SUPPLIED INFORMATION section start

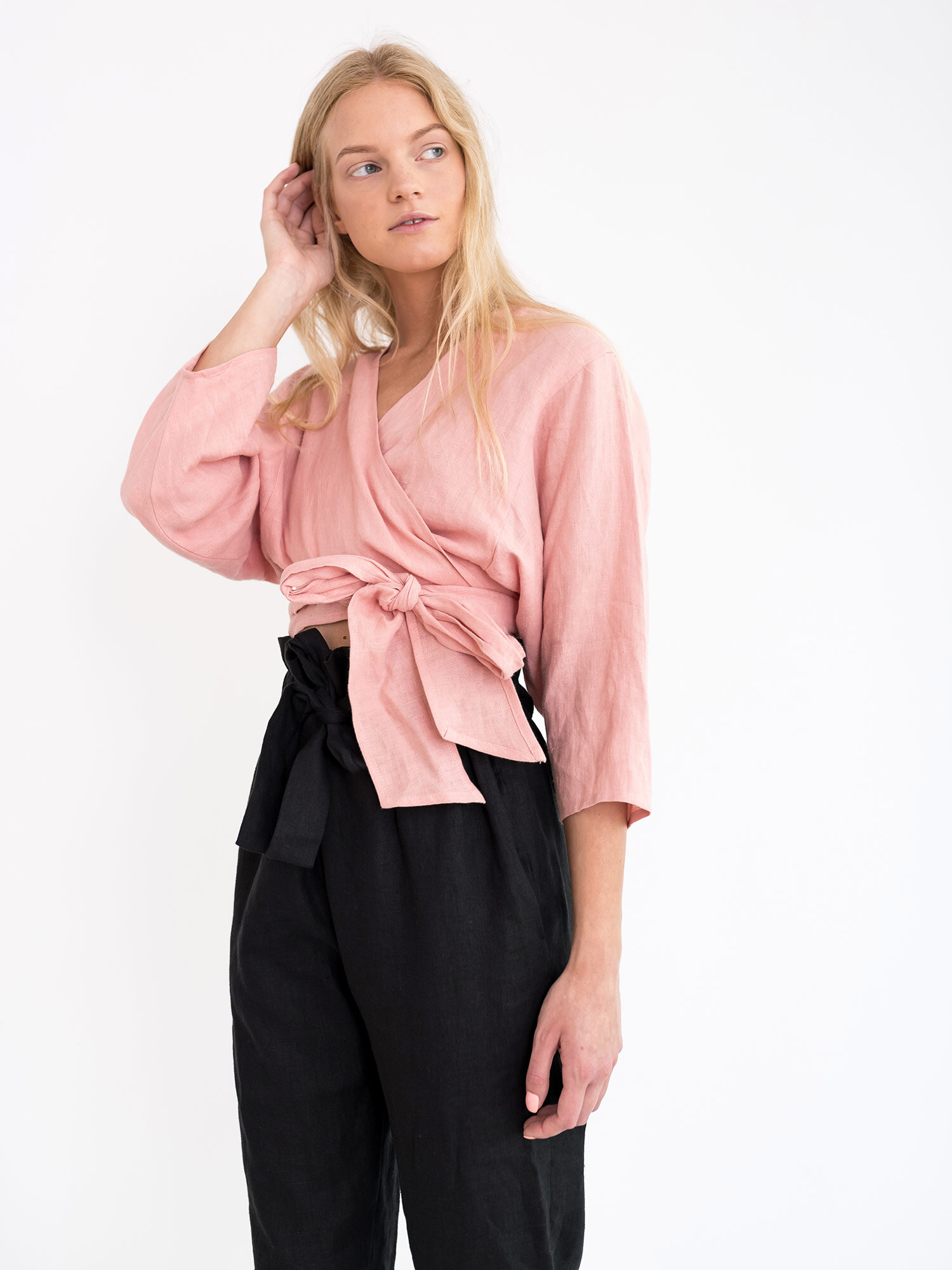 CLAIRE Linen Wrap Top - Image 3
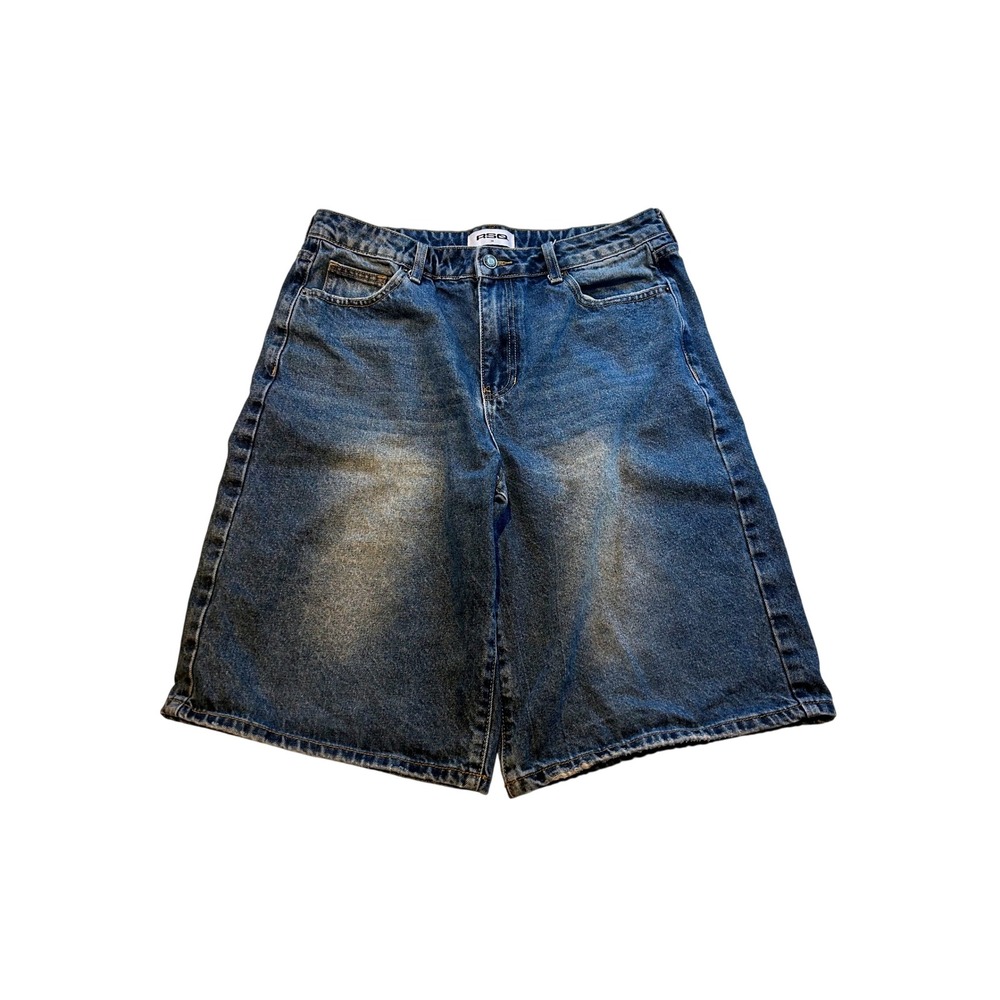 RSQ Mens Baggy Denim Shorts Medium Wash Blue Faded Skater Jean Shorts Size 28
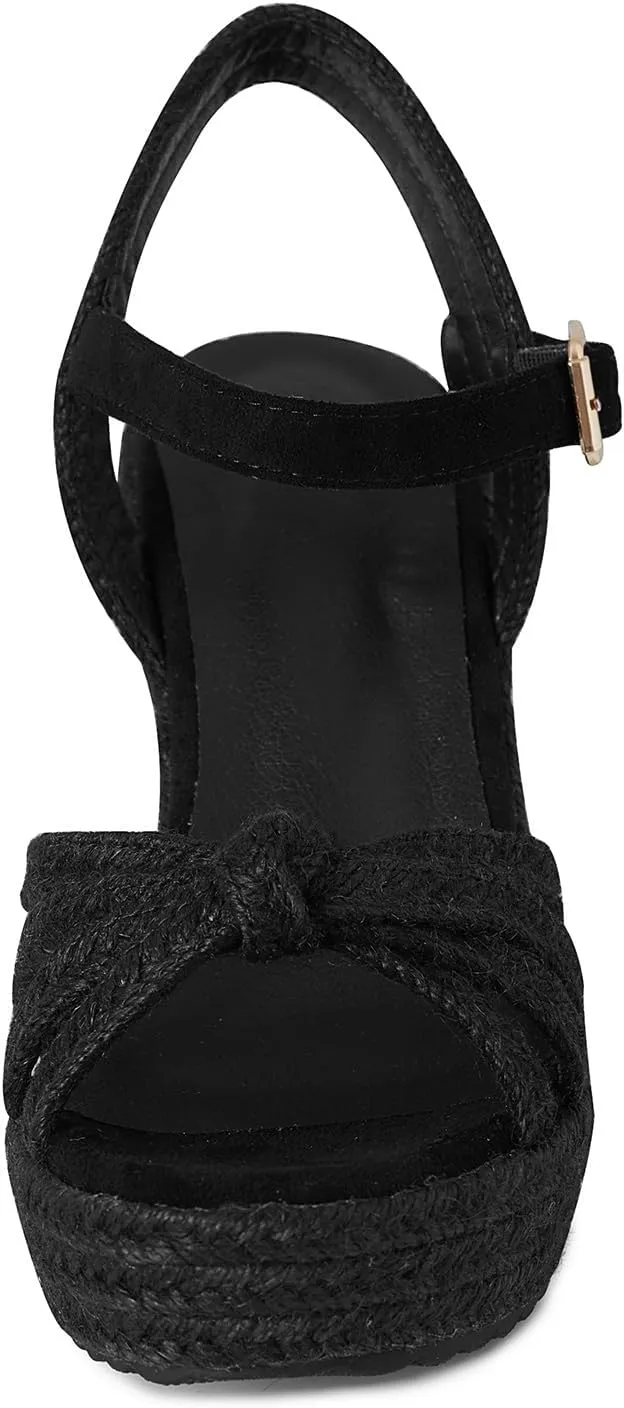 Tscoyuki Espadrille Wedge Sandals for Women, Adjustable Ankle Strappy Cute Shoes Open Toe Platform Womens Sandals Casual Sloping High Heels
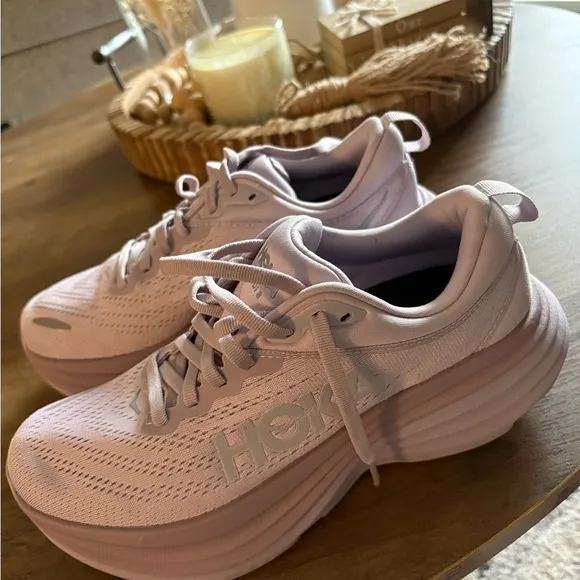Hoka Pink and Purple Athletic Shoes with Chunky Design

SUPPLIED INFORMATION section end

# [TASK DIRECTIONS]
From the line with "RSQ Mens Baggy" up to and including the line with "Tscoyuki Espadrille Wedge" above, retype every line exactly and nothing more; leave out the pictures.

# [EXERCISE SOLUTION]
 RSQ Mens Baggy Denim Shorts Medium Wash Blue Faded Skater Jean Shorts Size 28
 Tscoyuki Espadrille Wedge Sandals for Women, Adjustable Ankle Strappy Cute Shoes Open Toe Platform Womens Sandals Casual Sloping High Heels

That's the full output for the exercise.